Hacker News new | past | comments | ask | show | jobs | submit login
Google: we're having scaling issues, please stop distributing your FF extension (splitbrain.org)
99 points by gaika on June 26, 2008 | hide | past | favorite | 19 comments



All things considered, 1. I'm not surprised a plugin like that put heavy load on Google -- Bookmark every page? But the bookmarks being linked to searching is a small surprise. 2. It's quite impressive how smoothly they handled things. Don't be evil, indeed. 3. Does anybody look before commenting? The shirt is long gone...


Yeah. The great part of this story is that Google approached this developer and asked him nicely.

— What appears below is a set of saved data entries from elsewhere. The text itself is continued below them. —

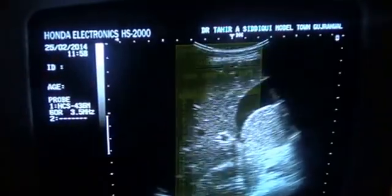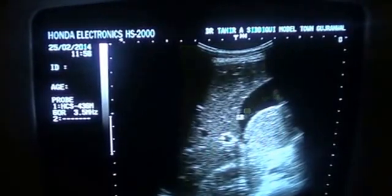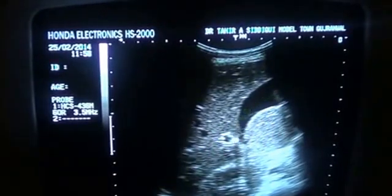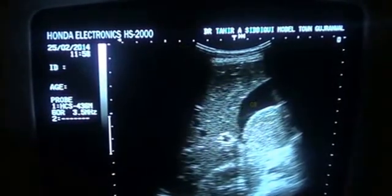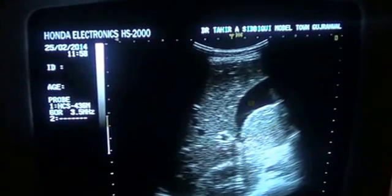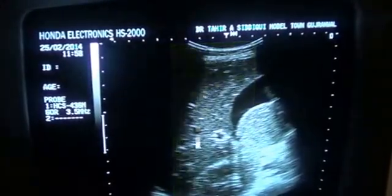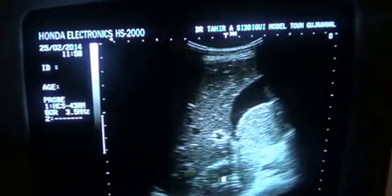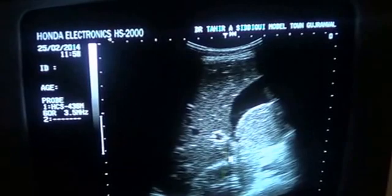This is the gallbladder. This is the liver. This is the kidney — the right kidney.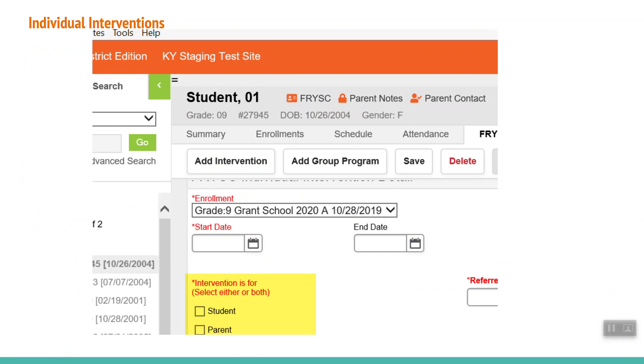Examples of parent interventions include financial assistance, employment resources, and GED help. An example of both would be a family that suffers a house fire and the parent is given contact information for emergency housing, and you provide the parent with a clothing referral for the student.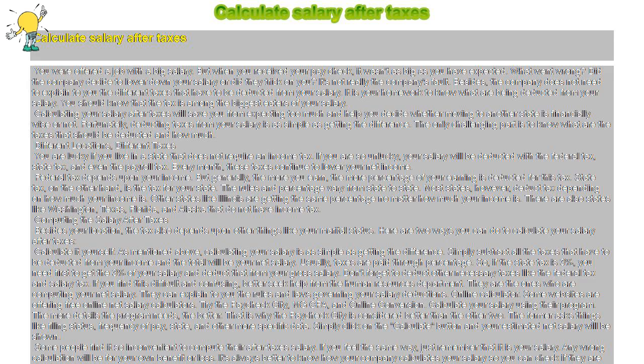The more details the program needs, the better. That is why Paycheck City is considered better than the other two. The former asks things like filing status, frequency of pay, state, and other more specific data. Simply click on the Calculate button and your estimated net salary will be shown.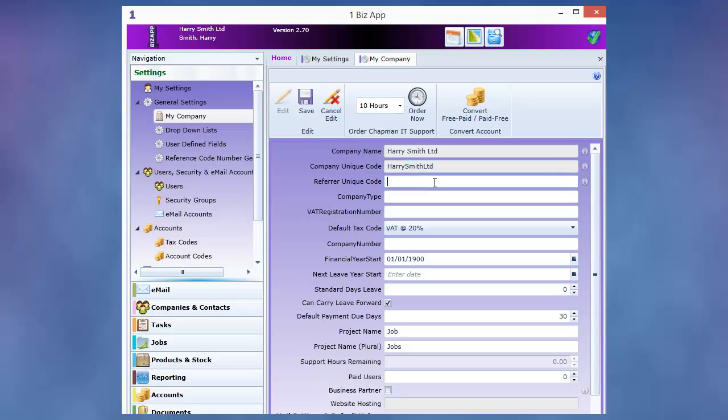The referrer code is the company that receives cash back from your subscription. If you subsequently refer customers then your code will go here for you to earn potentially unlimited cash back.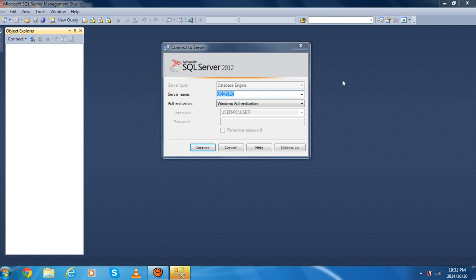Hello, one more time, Maru Finkel. I'm going to explain how to create a table using a database query.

>3. Does anybody look before commenting? The shirt is long gone...

It's the kind of thing where you don't look because in the extra 10 seconds required to read the comments someone who didn't look could get the first post in.


Well, yes, but the fact that it even has comments should be a giveaway. People are asking for the shirt two days later.


It surprises me that Google gave up so easily! This is a pretty similar service to what WebMynd provides - we're handling ~2.5m pages per day and although scaling is difficult, it's doable.

We out-engineered Google!!


Don't flatter yourself.

The problem Google is having isn't with storing the links, its with the effect of the links on the personalization of your search results. Which is a problem WebMynd isn't facing.

They can't precompute the eigenvectors because it changes every time you visit a web page and calculating it live for each search request when the user has thousands of personal pages can be expensive.

I would have just disabled the effect of the personalization on search of bookmarks not added manually.


Obviously, it was a slightly tongue in cheek comment..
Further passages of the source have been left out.